◆ RECORDS SHOWN ◆

------------------------------------------------------------------------

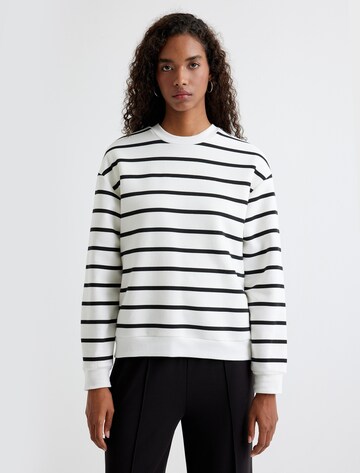 Koton Sweatshirt in Wit: voorkant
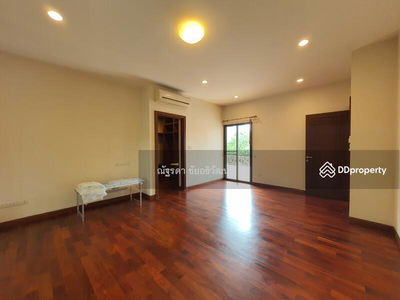 House with private pool in Soi. Soonvijai 4, Bangkok, Thailand House with private pool in Soi. Soonvijai 4, Bangkok, Thailand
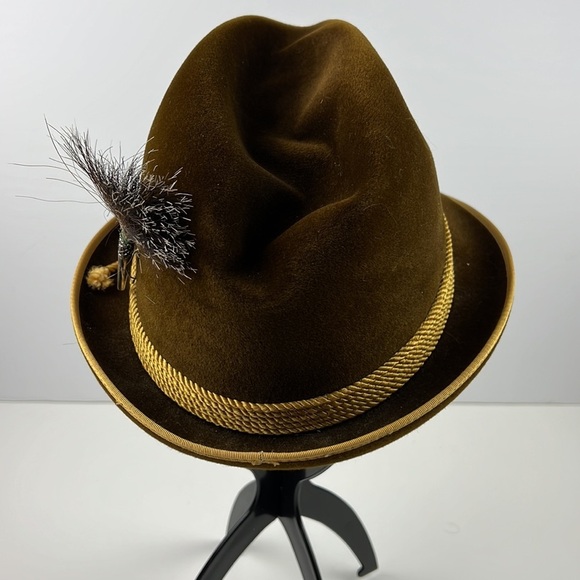 VINTAGE Dobbs Brown Velvet Game Bird Fedora Hat - Picture 5 of 8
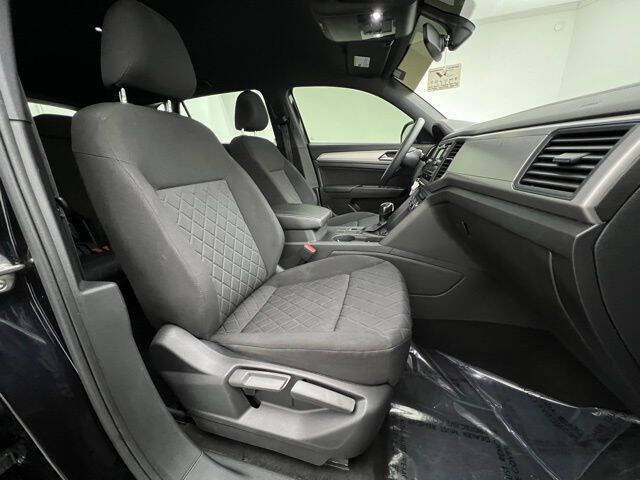 2020 Volkswagen Atlas Cross Sport S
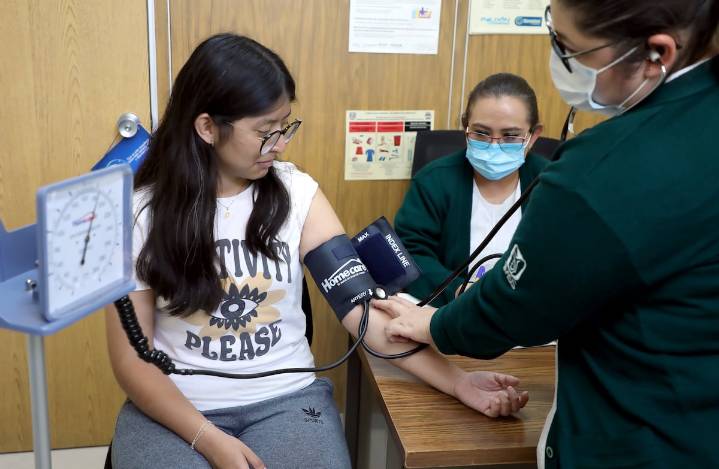 IMSS suma esfuerzos con la UNAM; abre espacio de salud en la máxima casa de estudios
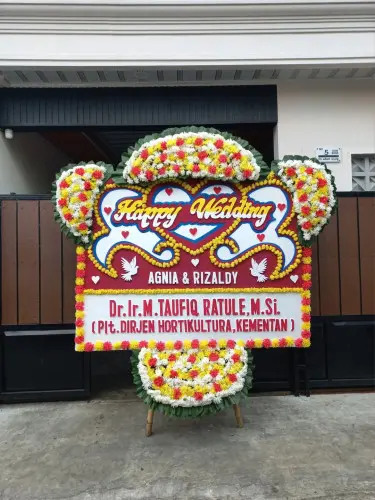 Papan Bunga Pernikahan genteng banyuwangi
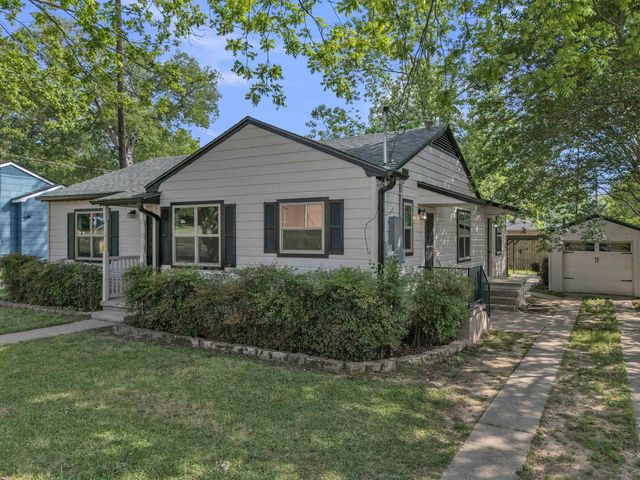111 W Gay Ave., Gladewater, TX 75647
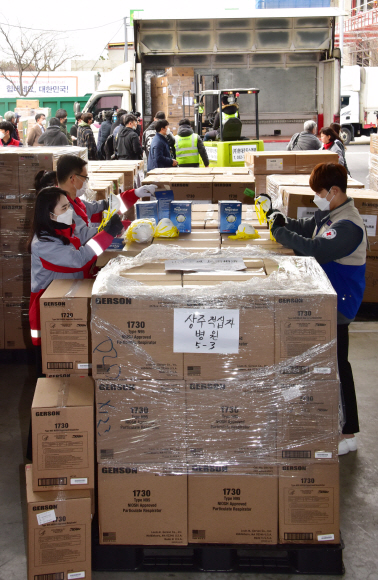 12일 인천 중구 현대로지스앤팩 창고 내 한진물류창고에서 대한적십자사 관계자들이 중국 전자상거래 업체 ‘알리바바’의 창업자 마윈(Ma Yun) 전 회장이 기부한 마스크 100만장을 검수 및 통관작업을 하고 있다. 이번 기부는 마윈 전 회장이 설립한 마윈공익기금회와 알리바바공익기금회가 한국의 신종 코로나바이러스 감염증(코로나19) 극복에 힘을 더하고자 이뤄졌다.  2020.3.12 이종원 선임기자 jongwon@seoul.co.kr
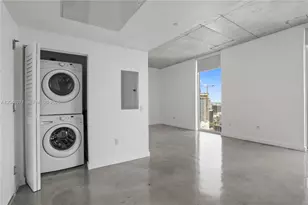 151 SE 1st St, Miami, FL 33131 - Photo 11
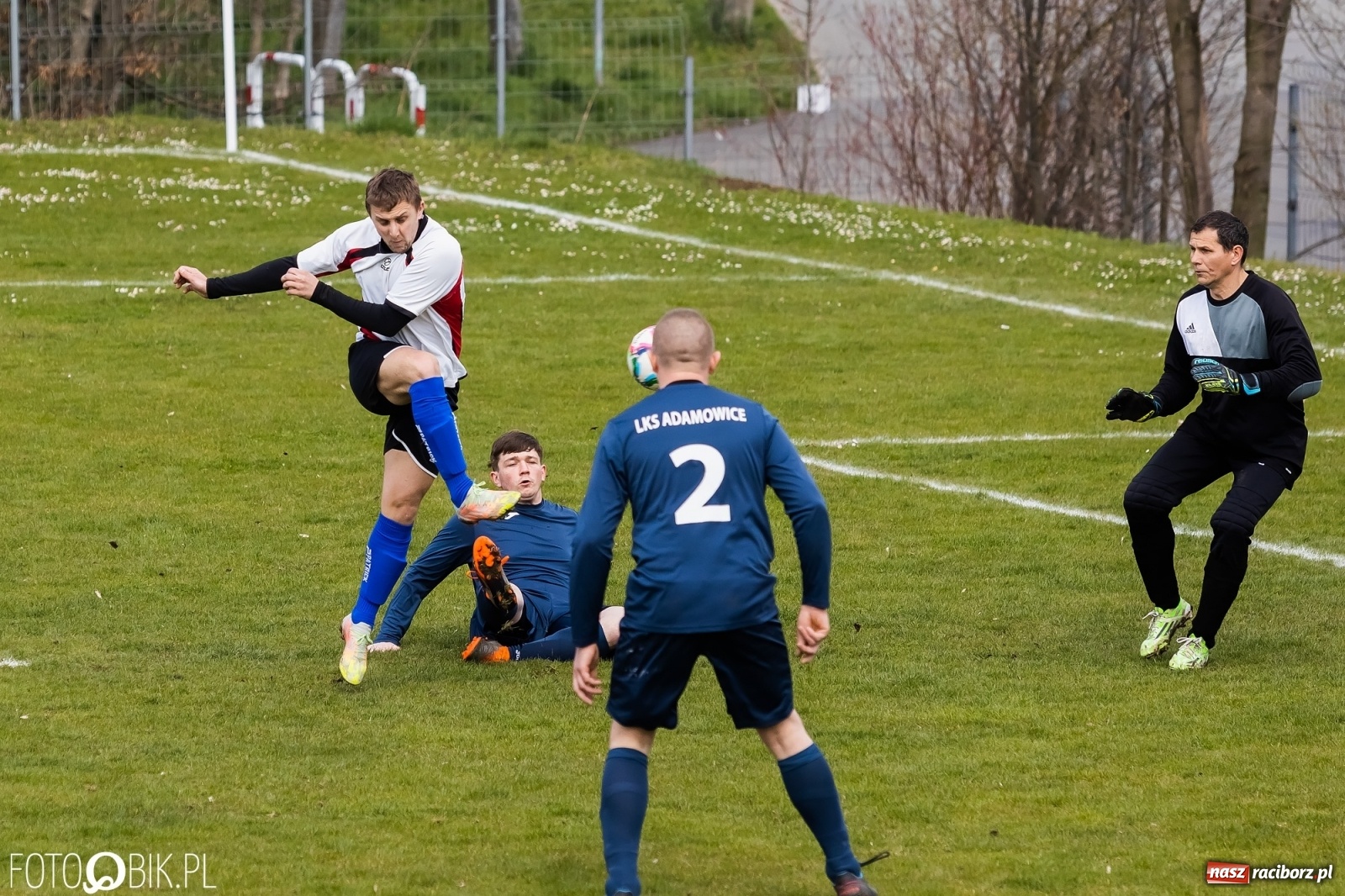 Zdjęcie w galerii na portalu naszraciborz.pl: Lokomotywa z Tuwima wróciła na właściwe tory [FOTO] wiadomości z regionu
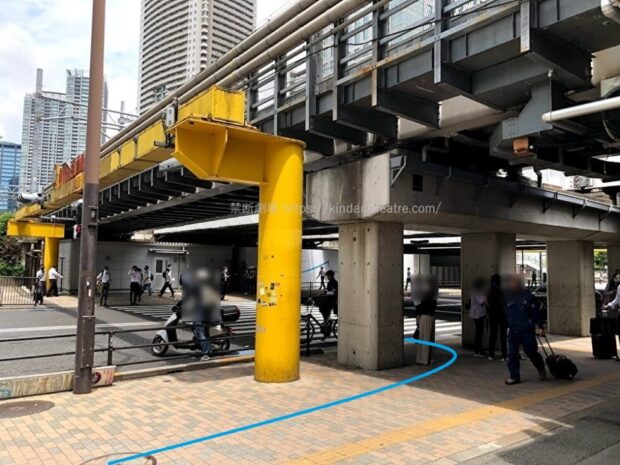 JR浜松町駅北口前横断歩道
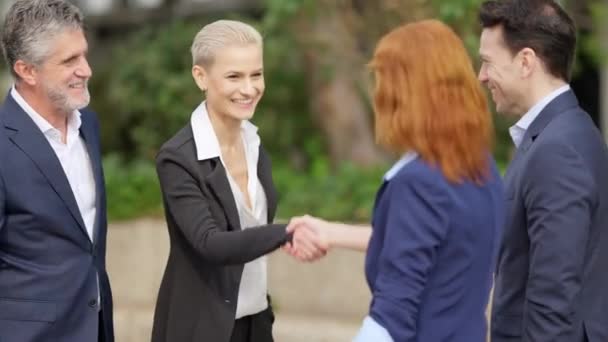 同僚と屋外で手を振るビジネスマンのスローモーションビデオ — ストック動画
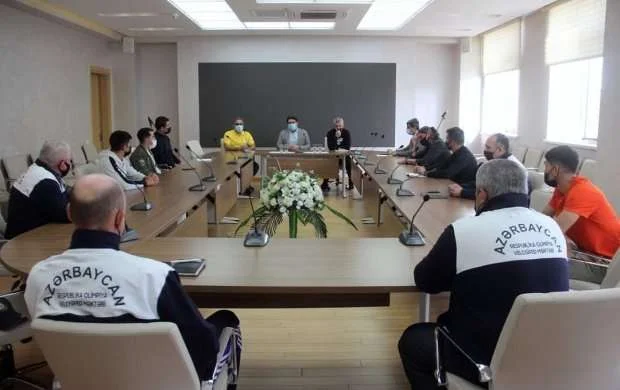 Mədət Quliyev yığmaya yeni baş məşqçi təyin etdi 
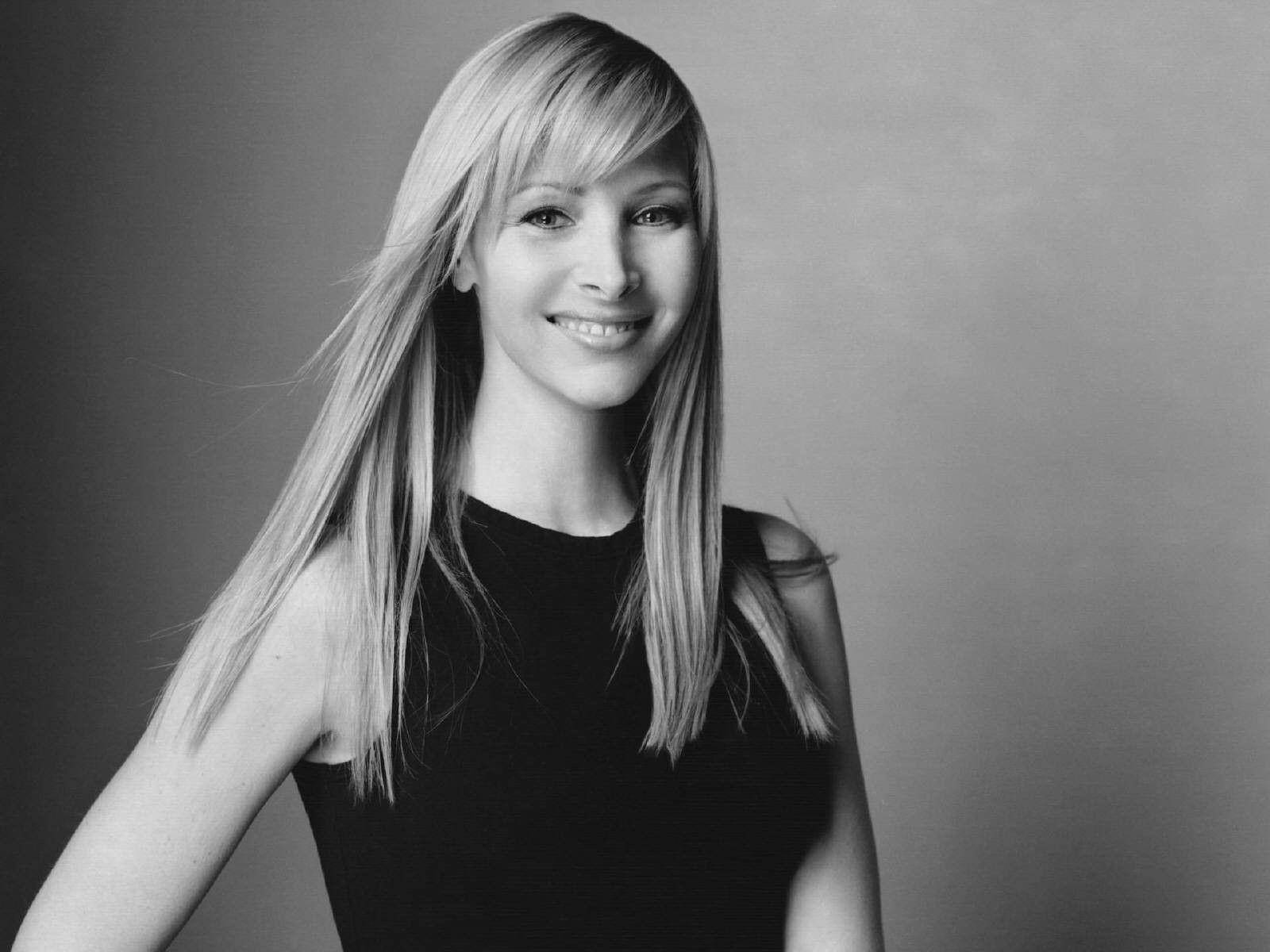 Lisa Kudrow, black and white photograph, long blonde hair, HD Desktop Wallpaper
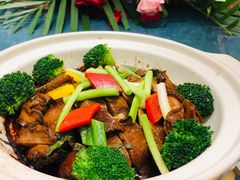 紫苏鲍鱼闷水鸭-御膳·现代粤菜·高空城景宴会厅·谢师宴(罗湖万象城店)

------------------------------------------------------------------------

◆ PROBLEM DESCRIPTION ◆
If an entry contains an image, print the rest of that entry exactly and leave the image out.

◆ ANSWER SECTION ◆
 Koton Sweatshirt in Wit: voorkant
 House with private pool in Soi. Soonvijai 4, Bangkok, Thailand House with private pool in Soi. Soonvijai 4, Bangkok, Thailand
 VINTAGE Dobbs Brown Velvet Game Bird Fedora Hat - Picture 5 of 8
 2020 Volkswagen Atlas Cross Sport S
 IMSS suma esfuerzos con la UNAM; abre espacio de salud en la máxima casa de estudios
 Papan Bunga Pernikahan genteng banyuwangi
111 W Gay Ave., Gladewater, TX 75647
 12일 인천 중구 현대로지스앤팩 창고 내 한진물류창고에서 대한적십자사 관계자들이 중국 전자상거래 업체 ‘알리바바’의 창업자 마윈(Ma Yun) 전 회장이 기부한 마스크 100만장을 검수 및 통관작업을 하고 있다. 이번 기부는 마윈 전 회장이 설립한 마윈공익기금회와 알리바바공익기금회가 한국의 신종 코로나바이러스 감염증(코로나19) 극복에 힘을 더하고자 이뤄졌다.  2020.3.12 이종원 선임기자 jongwon@seoul.co.kr
 151 SE 1st St, Miami, FL 33131 - Photo 11
 Zdjęcie w galerii na portalu naszraciborz.pl: Lokomotywa z Tuwima wróciła na właściwe tory [FOTO] wiadomości z regionu
 JR浜松町駅北口前横断歩道
 同僚と屋外で手を振るビジネスマンのスローモーションビデオ — ストック動画
 Mədət Quliyev yığmaya yeni baş məşqçi təyin etdi 
 Lisa Kudrow, black and white photograph, long blonde hair, HD Desktop Wallpaper
 紫苏鲍鱼闷水鸭-御膳·现代粤菜·高空城景宴会厅·谢师宴(罗湖万象城店)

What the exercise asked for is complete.